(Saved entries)

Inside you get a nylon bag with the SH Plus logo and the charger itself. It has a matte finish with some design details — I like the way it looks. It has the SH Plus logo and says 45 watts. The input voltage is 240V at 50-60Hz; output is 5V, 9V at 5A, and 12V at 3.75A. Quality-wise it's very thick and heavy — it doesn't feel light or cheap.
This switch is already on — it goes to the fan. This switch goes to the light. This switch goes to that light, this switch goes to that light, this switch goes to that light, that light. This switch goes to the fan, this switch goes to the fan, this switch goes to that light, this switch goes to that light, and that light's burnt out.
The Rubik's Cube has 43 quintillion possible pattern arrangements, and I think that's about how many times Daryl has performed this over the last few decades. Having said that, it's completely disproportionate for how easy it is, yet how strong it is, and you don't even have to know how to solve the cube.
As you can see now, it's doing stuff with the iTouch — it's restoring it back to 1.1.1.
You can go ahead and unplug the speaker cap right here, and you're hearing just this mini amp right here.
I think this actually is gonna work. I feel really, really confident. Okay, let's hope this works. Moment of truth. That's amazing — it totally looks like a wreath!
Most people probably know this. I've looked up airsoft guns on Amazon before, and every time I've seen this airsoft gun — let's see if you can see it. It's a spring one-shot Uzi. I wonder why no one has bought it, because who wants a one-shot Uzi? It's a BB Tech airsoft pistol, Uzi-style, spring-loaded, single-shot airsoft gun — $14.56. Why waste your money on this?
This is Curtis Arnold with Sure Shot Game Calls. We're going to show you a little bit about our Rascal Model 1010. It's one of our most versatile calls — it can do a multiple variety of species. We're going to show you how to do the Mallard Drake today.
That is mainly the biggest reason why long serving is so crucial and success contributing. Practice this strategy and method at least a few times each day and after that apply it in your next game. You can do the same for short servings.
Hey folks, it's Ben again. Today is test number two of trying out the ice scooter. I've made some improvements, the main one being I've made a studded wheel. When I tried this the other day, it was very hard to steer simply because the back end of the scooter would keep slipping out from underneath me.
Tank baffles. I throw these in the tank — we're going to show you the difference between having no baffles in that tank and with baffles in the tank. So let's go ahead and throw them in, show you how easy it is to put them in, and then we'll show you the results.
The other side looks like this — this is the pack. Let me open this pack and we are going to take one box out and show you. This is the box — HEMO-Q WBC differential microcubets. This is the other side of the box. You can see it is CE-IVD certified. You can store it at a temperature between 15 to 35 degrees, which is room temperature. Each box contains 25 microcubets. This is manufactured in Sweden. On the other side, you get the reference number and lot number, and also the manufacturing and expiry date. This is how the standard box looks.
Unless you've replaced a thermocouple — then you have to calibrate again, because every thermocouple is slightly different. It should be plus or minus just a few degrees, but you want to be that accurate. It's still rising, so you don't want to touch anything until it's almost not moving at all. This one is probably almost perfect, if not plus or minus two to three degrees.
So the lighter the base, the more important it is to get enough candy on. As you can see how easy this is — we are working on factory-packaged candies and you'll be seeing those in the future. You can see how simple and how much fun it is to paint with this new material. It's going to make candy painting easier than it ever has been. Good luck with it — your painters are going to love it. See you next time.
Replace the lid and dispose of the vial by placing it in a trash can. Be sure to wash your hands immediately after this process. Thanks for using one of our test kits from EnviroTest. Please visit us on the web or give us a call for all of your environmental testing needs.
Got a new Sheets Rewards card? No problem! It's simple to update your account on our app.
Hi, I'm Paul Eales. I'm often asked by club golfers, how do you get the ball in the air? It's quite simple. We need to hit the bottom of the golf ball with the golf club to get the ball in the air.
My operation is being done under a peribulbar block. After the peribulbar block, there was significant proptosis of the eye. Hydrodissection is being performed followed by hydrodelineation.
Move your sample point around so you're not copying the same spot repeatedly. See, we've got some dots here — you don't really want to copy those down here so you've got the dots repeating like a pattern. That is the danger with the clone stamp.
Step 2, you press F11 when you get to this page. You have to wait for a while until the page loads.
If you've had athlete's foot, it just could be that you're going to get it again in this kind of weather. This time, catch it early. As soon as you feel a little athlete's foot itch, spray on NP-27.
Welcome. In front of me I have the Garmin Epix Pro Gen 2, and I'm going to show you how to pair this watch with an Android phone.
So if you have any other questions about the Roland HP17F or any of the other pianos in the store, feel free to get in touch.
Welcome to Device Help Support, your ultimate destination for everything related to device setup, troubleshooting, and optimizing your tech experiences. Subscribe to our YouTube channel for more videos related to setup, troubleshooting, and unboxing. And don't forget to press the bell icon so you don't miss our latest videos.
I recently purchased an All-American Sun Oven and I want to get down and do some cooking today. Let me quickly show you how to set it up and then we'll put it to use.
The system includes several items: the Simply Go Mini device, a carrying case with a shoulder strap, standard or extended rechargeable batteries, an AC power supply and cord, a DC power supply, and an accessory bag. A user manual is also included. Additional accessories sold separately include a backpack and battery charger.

What you should do – Return, unchanged, the run of lines above that opens with the line containing "You can go ahead" and closes with the line containing "I think this". Include both.

Task output –
You can go ahead and unplug the speaker cap right here, and you're hearing just this mini amp right here.
I think this actually is gonna work. I feel really, really confident. Okay, let's hope this works. Moment of truth. That's amazing — it totally looks like a wreath!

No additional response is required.